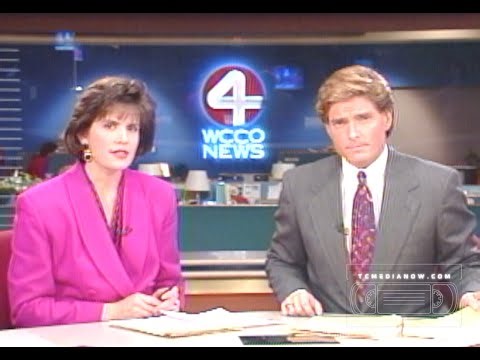 WCCO October 21, 1992, 6pm
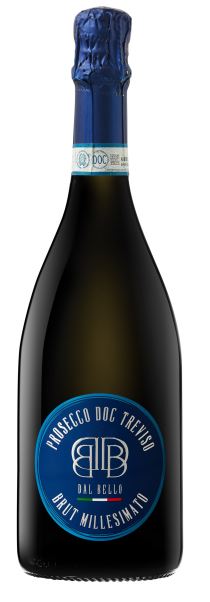 - Prosecco Spumante DOC Treviso Brut, Dal Bello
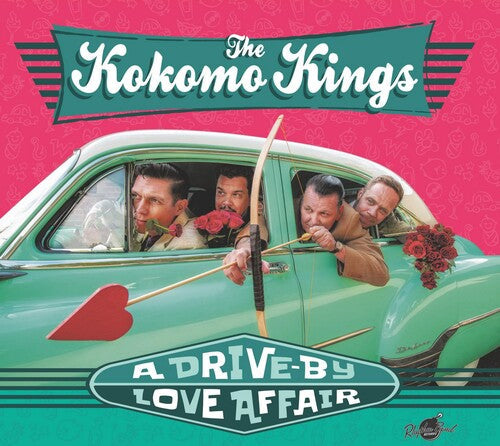 Kokomo Kings: A Drive-by Love Affair -[Vinyl LP]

Problem: Down to the last line, reproduce the material above exactly; skip its images.

Task result:
 WCCO October 21, 1992, 6pm
 - Prosecco Spumante DOC Treviso Brut, Dal Bello
 Kokomo Kings: A Drive-by Love Affair -[Vinyl LP]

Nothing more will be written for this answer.